February may not be thought of as a holiday month in England, except for going abroad for sunshine, but there is plenty to do on a long winter weekend. We headed west through three counties and thick fog to reach Saint Ives on the north coast of Cornwall, nearly at the most westerly tip of England. A three night stay gave us two days of fine weather to enjoy photo opportunities, a blogworthy bed and breakfast establishment and too much inspiration for just one blog.
Cornwall has its own language, flag and nationalist movement. In the past it must have been very remote from the rest of England and in 2014 Cornish people were granted minority status under the European Framework Convention for the Protection of National Minorities. But if you are in a holiday town you are more likely to be continually bumping into Londoners and others seeking the good life. Perhaps the locals are busy going out in their fishing boats rather than sampling fish restaurants.

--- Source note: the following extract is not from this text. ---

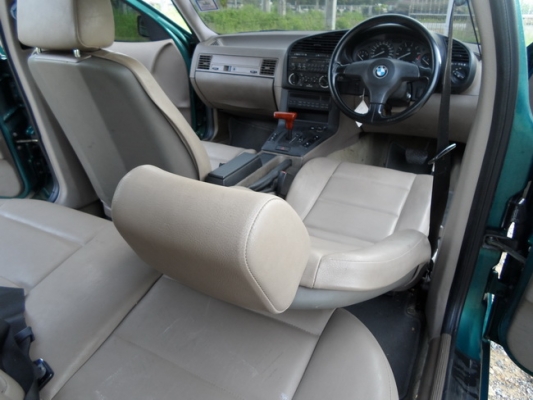 ขายรถ BMW 325 ia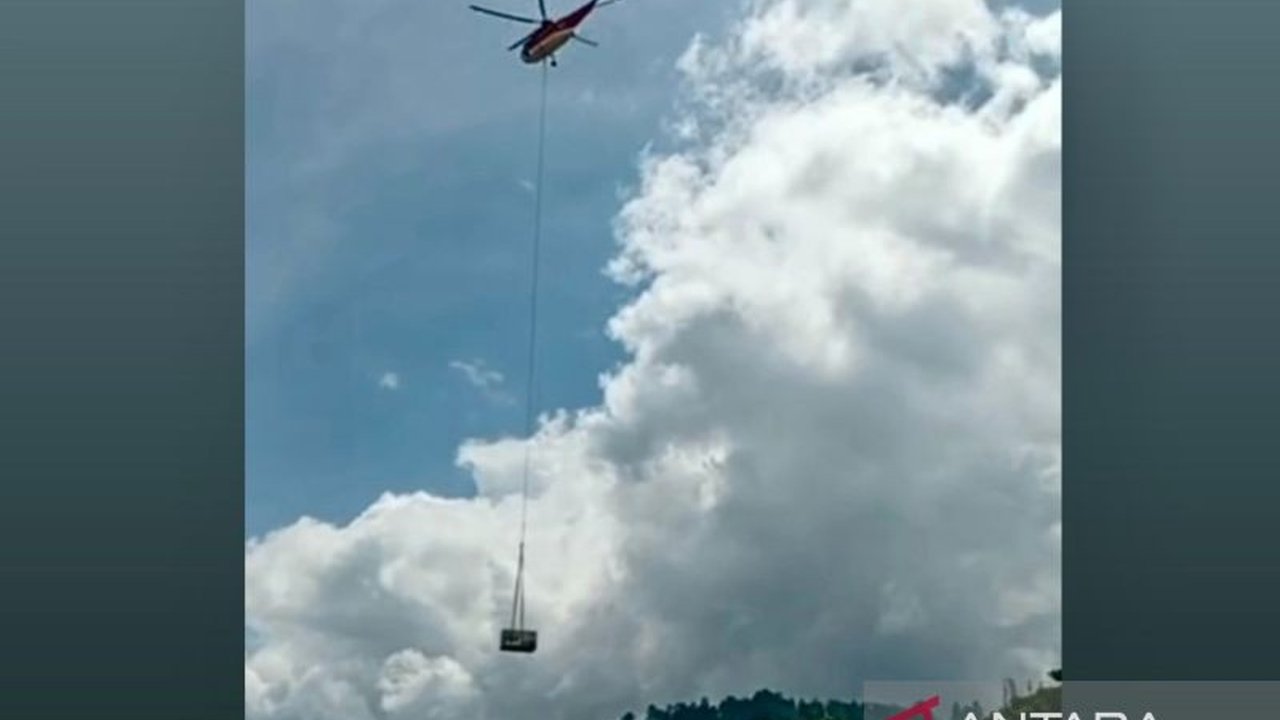 PLN dan BNPB sukses mendistribusikan Genset Takengon berkapasitas 250 kWh via helikopter untuk rumah sakit. Upaya ini jadi bagian pemulihan listrik pasca-bencana di Aceh.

Incomers are not new, Saint Ives famously has attracted artists since the nineteenth century with the quality of light and beautiful blue seas. Now the town is also well known for its Tate Gallery, squashed between housing association flats on the promenade. Inside, the light and airy building comes into its own, with a beautifully framed view of the beach, which my photograph doesn’t do justice to!
The town has layer upon layer of higgledy piggledy old buildings and narrow lanes clinging to its steep hills; a tourists’ delight. When we see modern tiny houses being built we think them ridiculous, but minute old dwellings most of us find irresistibly cute. Wandering around the maze of lanes we saw a door only two foot wide at the top of steep steps and one building where a few steps took you below ground to two tiny front doors crammed at right angles; they were holiday lets.
Out on the moors there is plenty of space; the attractions for visitors include the old mine workings and the rocky coast where unbelievably blue seas with snow white surf pound black rocks. Fans of the Poldark books and television series will be familiar with the Cornish scenery and it is as fantastic as it looks on television. Winston Graham the author was not a local by birth, but did live in Cornwall for thirty five years from the age of seventeen.